Девочка прижала к себе Арчибальда и дала волю слезам. Ей казалось, что плакала не она одна, а весь мир плачет с ней, но не от горя, а очистительными слезами.
Арчибальд больше не хотел пронзить её своими коготками и убежать. Вместо этого он спокойно покоился на её руках, изредка облизывая её лицо.
– Весь наш мир, – продолжил отец, – это нескончаемый поток информации, что ты, что я. По сути, мы большие кластеры этой информации, что-то вроде комплексных программ, и не всегда мы работаем так, как нам того хочется.
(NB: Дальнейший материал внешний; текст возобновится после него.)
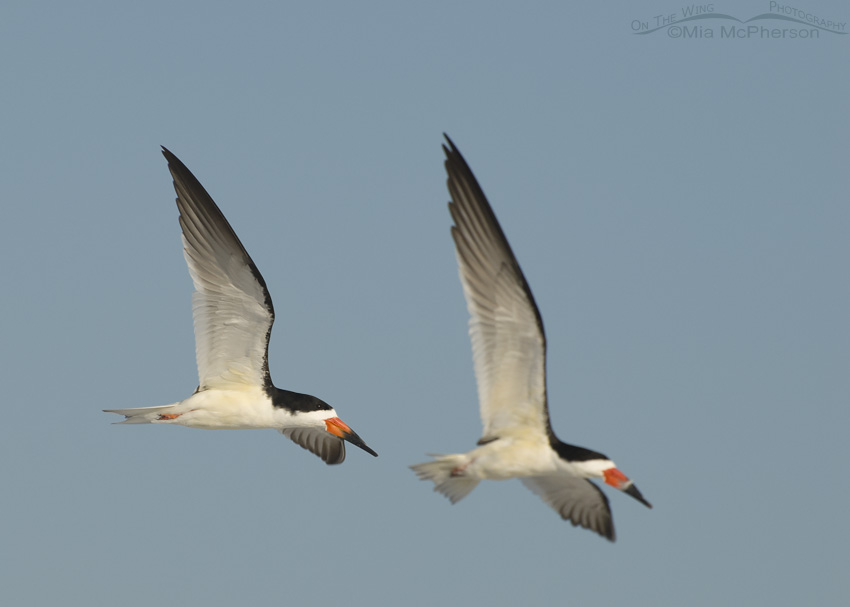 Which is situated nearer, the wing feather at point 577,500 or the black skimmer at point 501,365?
the black skimmer at point 501,365

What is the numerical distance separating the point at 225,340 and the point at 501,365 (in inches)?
174

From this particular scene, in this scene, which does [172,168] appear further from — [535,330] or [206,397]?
[535,330]

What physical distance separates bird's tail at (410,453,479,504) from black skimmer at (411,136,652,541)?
1 centimetres

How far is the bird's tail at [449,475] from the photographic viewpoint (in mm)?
12945

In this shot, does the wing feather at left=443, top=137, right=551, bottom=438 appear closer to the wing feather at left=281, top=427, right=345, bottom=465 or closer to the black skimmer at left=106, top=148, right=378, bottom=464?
the black skimmer at left=106, top=148, right=378, bottom=464

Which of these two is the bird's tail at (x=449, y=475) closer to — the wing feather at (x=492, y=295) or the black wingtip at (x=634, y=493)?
the wing feather at (x=492, y=295)

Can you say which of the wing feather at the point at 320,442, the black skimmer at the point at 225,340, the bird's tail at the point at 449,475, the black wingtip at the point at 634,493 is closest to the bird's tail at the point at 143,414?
the black skimmer at the point at 225,340

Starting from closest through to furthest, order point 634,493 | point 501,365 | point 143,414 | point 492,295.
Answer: point 492,295 < point 501,365 < point 634,493 < point 143,414

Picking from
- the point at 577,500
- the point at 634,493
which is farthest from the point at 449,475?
the point at 634,493

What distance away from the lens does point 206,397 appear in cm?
1528

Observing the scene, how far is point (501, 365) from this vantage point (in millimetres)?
12320

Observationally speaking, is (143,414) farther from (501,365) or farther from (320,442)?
(501,365)

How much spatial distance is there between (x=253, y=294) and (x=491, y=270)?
3.91m

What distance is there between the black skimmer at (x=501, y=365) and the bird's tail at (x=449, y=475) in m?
0.01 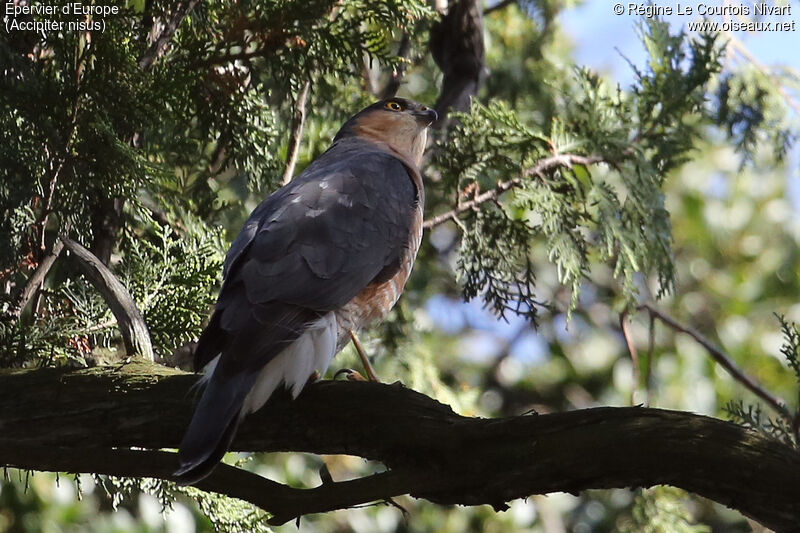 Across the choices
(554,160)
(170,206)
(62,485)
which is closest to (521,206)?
(554,160)

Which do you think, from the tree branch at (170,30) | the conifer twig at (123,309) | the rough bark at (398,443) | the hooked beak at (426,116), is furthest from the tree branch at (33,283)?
the hooked beak at (426,116)

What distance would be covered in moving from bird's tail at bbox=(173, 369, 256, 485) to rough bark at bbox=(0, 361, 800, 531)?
0.64 feet

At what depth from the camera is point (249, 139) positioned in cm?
390

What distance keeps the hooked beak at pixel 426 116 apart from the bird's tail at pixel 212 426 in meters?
2.32

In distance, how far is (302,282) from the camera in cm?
313

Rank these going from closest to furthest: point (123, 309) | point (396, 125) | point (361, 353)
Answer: point (123, 309) < point (361, 353) < point (396, 125)

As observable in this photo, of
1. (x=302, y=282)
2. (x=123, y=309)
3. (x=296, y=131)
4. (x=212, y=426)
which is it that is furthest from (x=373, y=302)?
(x=296, y=131)

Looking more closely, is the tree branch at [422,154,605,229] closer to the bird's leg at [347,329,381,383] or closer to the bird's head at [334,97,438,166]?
the bird's head at [334,97,438,166]

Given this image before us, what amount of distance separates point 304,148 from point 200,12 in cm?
170

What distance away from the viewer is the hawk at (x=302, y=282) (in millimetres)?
2658

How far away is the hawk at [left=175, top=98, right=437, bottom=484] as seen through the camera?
266cm

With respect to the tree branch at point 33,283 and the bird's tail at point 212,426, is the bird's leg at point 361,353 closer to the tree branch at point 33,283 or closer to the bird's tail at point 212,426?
the bird's tail at point 212,426

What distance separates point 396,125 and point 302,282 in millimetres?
1759

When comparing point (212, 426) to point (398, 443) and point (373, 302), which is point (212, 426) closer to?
point (398, 443) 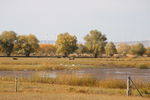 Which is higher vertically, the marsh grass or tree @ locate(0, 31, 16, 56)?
tree @ locate(0, 31, 16, 56)

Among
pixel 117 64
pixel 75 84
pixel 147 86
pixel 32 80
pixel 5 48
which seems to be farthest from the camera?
pixel 5 48

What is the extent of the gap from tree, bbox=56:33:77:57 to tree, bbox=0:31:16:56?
19537 millimetres

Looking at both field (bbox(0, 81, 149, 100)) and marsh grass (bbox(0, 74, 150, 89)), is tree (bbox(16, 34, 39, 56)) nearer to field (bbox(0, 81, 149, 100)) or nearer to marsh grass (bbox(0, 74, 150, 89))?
marsh grass (bbox(0, 74, 150, 89))

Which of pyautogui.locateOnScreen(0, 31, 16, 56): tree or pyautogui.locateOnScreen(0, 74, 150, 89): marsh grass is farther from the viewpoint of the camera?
pyautogui.locateOnScreen(0, 31, 16, 56): tree

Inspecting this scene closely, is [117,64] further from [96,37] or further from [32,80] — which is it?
[96,37]

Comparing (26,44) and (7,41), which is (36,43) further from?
(7,41)

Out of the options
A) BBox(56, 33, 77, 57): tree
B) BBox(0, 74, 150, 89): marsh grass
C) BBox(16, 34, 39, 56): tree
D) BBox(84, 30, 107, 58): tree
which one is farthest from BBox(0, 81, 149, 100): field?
BBox(84, 30, 107, 58): tree

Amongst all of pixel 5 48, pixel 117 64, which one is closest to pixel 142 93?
pixel 117 64

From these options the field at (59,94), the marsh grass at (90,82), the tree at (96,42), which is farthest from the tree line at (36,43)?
the field at (59,94)

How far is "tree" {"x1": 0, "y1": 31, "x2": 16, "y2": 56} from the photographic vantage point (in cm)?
12688

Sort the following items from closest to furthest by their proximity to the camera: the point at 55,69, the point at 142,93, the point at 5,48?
the point at 142,93
the point at 55,69
the point at 5,48

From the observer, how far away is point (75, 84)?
33.1 metres

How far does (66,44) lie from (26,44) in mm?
17005

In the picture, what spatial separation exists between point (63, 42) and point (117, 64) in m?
57.2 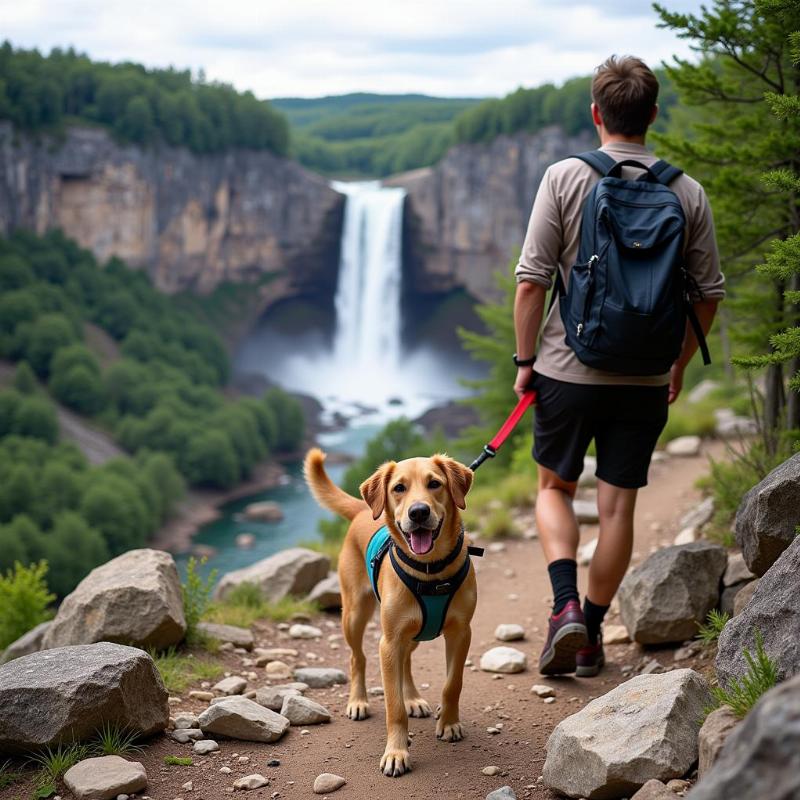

Все наши поступки складываются из миллиардов других запрограммированных действий, которые вытёсывают наше поведение в этой реальности. Поэтому, Гел, даже самые благие дела могут обернуться полной катастрофой, а самые скверные поступки… В-общем, ты поняла.
– И… что же делать? – недоумённо спросила дочка.
– В этом-то весь и фокус, – Фрэнк коснулся лбом головы своей девочки, – я не знаю ответа, дорогая, ты должна найти его сама.
– Сама?! Но, пап, разве ты не самый умный?
– Умный? – Фрэнк улыбнулся, – это навряд ли.
– Но ты же написал такие мудрые книги.
– Это означает лишь то, что больше я делать ничего не умею, а не то, что я умный, как мне по крайней мере того хотелось бы. Поэтому, Гелла, представь, что ум и все люди и звери, даже я и Арчи – это программы, плод твоего воображения, как и мир вокруг тебя.
– Пап! Ты меня пугаешь! Что ты такое говоришь?.. Как я могу остаться в таком месте?